YOUR INSTRUCTIONS
Repeat these records exactly, pictures excluded.

EXERCISE MATERIALS
·····
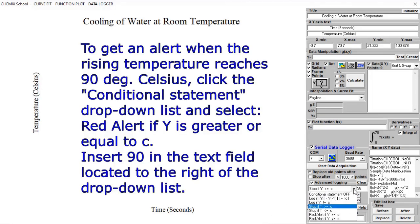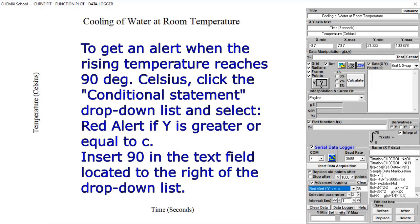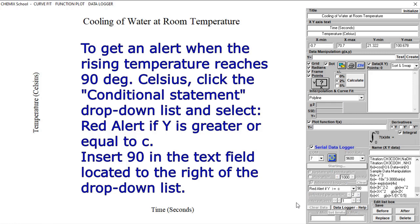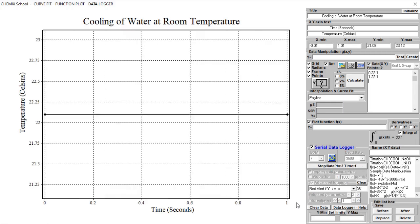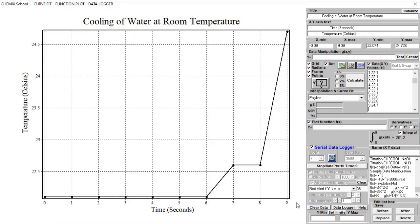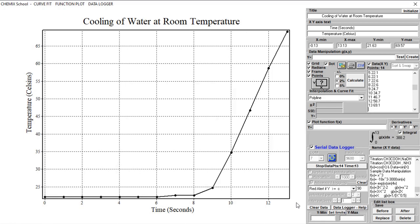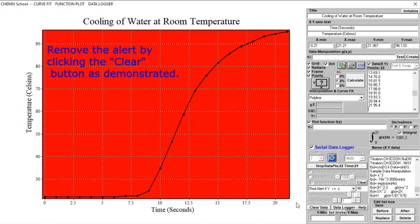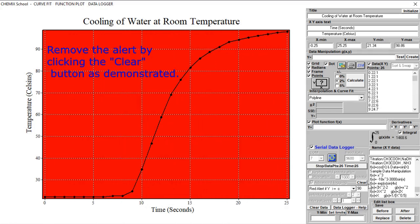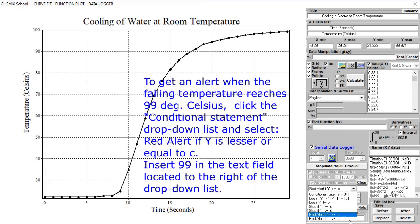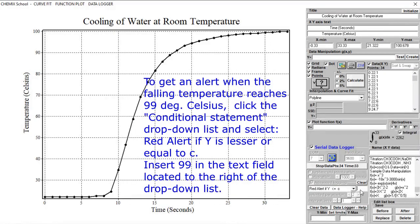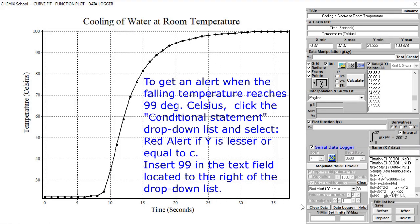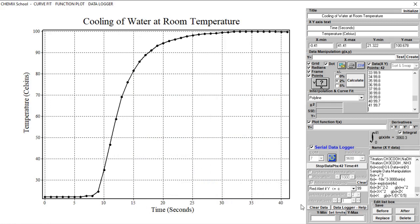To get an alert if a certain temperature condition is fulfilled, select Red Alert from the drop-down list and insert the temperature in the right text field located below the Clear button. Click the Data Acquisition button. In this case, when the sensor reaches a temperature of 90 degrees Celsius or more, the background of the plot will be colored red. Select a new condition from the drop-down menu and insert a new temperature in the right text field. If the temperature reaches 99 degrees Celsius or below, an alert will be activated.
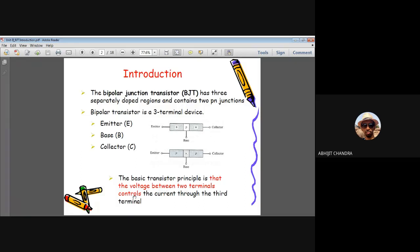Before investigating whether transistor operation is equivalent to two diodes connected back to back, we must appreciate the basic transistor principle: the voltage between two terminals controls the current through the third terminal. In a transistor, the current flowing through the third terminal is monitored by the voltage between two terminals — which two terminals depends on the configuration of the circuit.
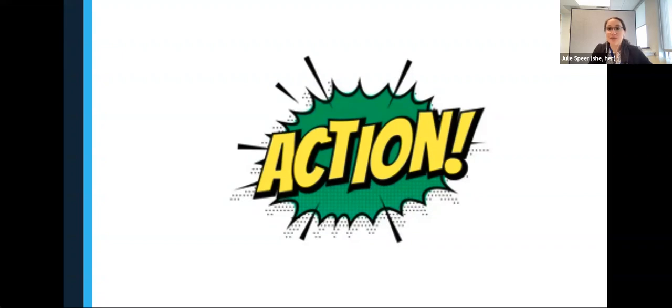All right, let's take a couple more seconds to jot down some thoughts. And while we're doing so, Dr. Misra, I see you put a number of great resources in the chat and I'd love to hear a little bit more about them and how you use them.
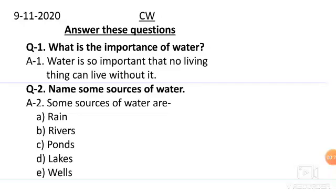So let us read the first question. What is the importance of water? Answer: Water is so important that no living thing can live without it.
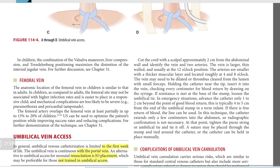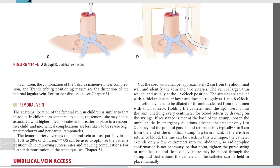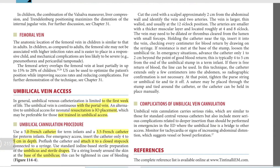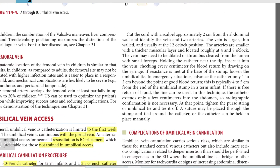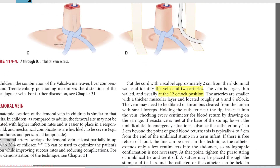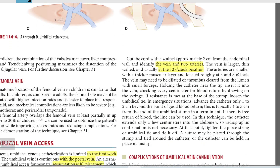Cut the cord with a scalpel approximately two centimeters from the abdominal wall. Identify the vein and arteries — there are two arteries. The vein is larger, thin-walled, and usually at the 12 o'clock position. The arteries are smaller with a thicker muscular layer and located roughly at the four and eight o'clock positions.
·····
WRITTEN RESPONSE
To get an alert if a certain temperature condition is fulfilled, select Red Alert from the drop-down list and insert the temperature in the right text field located below the Clear button. Click the Data Acquisition button. In this case, when the sensor reaches a temperature of 90 degrees Celsius or more, the background of the plot will be colored red. Select a new condition from the drop-down menu and insert a new temperature in the right text field. If the temperature reaches 99 degrees Celsius or below, an alert will be activated.
Before investigating whether transistor operation is equivalent to two diodes connected back to back, we must appreciate the basic transistor principle: the voltage between two terminals controls the current through the third terminal. In a transistor, the current flowing through the third terminal is monitored by the voltage between two terminals — which two terminals depends on the configuration of the circuit.
All right, let's take a couple more seconds to jot down some thoughts. And while we're doing so, Dr. Misra, I see you put a number of great resources in the chat and I'd love to hear a little bit more about them and how you use them.
So let us read the first question. What is the importance of water? Answer: Water is so important that no living thing can live without it.
Cut the cord with a scalpel approximately two centimeters from the abdominal wall. Identify the vein and arteries — there are two arteries. The vein is larger, thin-walled, and usually at the 12 o'clock position. The arteries are smaller with a thicker muscular layer and located roughly at the four and eight o'clock positions.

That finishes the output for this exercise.